How can it be that good seeds can yield bad fruit? This is exactly what happened with Israel. In Isaiah 5:1-7, God used a metaphor to describe His frustration with Israel:
Now will I sing to my wellbeloved a song of my beloved touching his vineyard. My wellbeloved hath a vineyard in a very fruitful hill: And he fenced it, and gathered out the stones thereof, and planted it with the choicest vine, and built a tower in the midst of it, and also made a winepress therein: and he looked that it should bring forth grapes, and it brought forth wild grapes. And now, O inhabitants of Jerusalem, and men of Judah, judge, I pray you, betwixt me and my vineyard. What could have been done more to my vineyard, that I have not done in it? wherefore, when I looked that it should bring forth grapes, brought it forth wild grapes? And now go to; I will tell you what I will do to my vineyard: I will take away the hedge thereof, and it shall be eaten up; and break down the wall thereof, and it shall be trodden down: And I will lay it waste: it shall not be pruned, nor digged; but there shall come up briers and thorns: I will also command the clouds that they rain no rain upon it. For the vineyard of the LORD of hosts is the house of Israel, and the men of Judah his pleasant plant: and he looked for judgment, but behold oppression; for righteousness, but behold a cry.
The Lord planted good grapes but harvested wild grapes. The Lord looked at Israel, He expected to see, “… judgment, but behold oppression; … righteousness, but behold a cry.” This became a recurring theme in the Old Testament. The Lord spoke through Isaiah in chapter 58 and verse 6, “Is not this the fast that I have chosen? to loose the bands of wickedness, to undo the heavy burdens, and to let the oppressed go free, and that ye break every yoke?” The same message was also spoken to Israel through Micah in chapter 6, verse 8: “He hath shewed thee, O man, what is good; and what doth the LORD require of thee, but to do justly, and to love mercy, and to walk humbly with thy God?” God is saying that His seed had not yielded godly fruit in those who claimed to be His people. And, actually the seed of the enemy had been sown in the hearts and minds of the Israelites, yielding fruit after the enemy’s likeness.

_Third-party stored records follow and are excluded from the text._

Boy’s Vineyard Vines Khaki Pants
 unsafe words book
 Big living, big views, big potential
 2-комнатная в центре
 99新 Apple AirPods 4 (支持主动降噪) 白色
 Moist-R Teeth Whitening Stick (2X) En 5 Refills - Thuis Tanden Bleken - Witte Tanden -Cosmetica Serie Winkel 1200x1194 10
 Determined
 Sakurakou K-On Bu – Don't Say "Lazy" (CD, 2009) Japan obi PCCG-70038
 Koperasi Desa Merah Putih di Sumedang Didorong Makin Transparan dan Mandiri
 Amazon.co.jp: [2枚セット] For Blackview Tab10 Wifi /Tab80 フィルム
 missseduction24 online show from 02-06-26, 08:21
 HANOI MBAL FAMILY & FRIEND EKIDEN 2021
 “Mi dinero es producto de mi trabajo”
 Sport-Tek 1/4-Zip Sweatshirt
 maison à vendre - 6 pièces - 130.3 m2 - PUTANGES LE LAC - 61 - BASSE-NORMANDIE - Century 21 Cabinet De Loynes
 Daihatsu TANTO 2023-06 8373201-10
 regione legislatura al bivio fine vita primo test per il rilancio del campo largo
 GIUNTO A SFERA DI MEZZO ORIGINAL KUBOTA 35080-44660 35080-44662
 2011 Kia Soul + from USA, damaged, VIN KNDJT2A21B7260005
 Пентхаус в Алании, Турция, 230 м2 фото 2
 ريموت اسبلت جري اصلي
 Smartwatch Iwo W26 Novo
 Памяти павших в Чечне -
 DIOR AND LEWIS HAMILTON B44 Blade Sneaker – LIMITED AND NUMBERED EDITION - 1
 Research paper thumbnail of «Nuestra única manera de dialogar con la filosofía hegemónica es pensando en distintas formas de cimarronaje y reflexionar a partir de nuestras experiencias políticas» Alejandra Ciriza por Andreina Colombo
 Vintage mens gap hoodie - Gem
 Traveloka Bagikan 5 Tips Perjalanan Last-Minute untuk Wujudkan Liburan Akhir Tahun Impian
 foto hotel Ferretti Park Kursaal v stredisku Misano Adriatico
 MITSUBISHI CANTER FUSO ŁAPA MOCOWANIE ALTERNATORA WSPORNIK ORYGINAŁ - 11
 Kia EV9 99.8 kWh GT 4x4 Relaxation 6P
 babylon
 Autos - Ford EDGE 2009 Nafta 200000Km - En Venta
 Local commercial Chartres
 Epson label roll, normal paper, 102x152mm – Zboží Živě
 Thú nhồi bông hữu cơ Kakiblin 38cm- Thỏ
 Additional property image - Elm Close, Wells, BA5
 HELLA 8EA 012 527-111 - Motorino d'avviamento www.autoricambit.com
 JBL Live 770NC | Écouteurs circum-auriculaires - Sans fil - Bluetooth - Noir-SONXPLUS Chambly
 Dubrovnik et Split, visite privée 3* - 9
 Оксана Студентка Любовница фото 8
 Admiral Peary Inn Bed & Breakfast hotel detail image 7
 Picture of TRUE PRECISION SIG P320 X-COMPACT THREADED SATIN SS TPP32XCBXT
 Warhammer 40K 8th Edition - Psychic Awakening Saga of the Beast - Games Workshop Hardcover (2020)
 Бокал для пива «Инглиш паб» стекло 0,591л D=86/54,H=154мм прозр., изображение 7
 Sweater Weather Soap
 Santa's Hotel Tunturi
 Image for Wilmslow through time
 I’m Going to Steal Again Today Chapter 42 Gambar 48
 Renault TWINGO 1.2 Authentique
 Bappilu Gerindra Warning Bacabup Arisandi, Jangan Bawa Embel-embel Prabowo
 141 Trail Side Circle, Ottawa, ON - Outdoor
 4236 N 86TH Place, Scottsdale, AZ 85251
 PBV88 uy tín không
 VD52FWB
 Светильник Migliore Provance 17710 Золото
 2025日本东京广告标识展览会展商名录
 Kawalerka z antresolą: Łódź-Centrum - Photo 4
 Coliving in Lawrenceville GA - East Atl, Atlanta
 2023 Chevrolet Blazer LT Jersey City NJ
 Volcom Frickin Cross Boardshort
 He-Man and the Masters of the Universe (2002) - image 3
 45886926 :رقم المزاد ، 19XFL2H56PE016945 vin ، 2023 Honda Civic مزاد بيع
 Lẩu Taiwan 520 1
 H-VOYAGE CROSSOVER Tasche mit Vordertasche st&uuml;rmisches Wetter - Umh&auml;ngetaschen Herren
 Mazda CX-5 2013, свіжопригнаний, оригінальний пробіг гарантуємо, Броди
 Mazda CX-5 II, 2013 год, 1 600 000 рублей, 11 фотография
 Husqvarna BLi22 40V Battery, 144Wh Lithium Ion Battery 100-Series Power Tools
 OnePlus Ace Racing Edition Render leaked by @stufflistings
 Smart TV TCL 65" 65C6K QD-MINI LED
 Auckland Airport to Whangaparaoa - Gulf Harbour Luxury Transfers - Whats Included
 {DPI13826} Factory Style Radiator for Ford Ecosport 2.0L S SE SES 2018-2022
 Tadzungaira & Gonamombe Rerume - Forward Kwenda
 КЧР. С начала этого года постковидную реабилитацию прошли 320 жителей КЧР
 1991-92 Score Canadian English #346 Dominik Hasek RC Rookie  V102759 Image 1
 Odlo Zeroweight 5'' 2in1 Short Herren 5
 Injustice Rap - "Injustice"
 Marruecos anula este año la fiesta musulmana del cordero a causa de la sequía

As good Laodiceans, we too fell into the same trap as the Israelites did in the past. Yes, we believe we are blessed and in need of nothing. But, God’s assessment is different. We do not know that we are naked, wretched, poor and miserable. The indictment is that we could know our true condition but are choosing not to. The point is that, in the end, it will be evident to whom we have given control of our hearts and minds. By the fruit you will know them. Again, we are to be thankful for His longsuffering with us. Ellen White elaborates on this in the following quote,
When the Spirit of God takes possession of the heart, it transforms the life. Sinful thoughts are put away, evil deeds are renounced; love, humility, and peace take the place of anger, envy, and strife. Joy takes the place of sadness, and the countenance reflects the light of heaven. No one sees the hand that lifts the burden, or beholds the light descend from the courts above. The blessing comes when by faith the soul surrenders itself to God. Then that power which no human eye can see creates a new being in the image of God. (The Desire of Ages, p. 173.)
Who are we allowing to sow seed in our heart?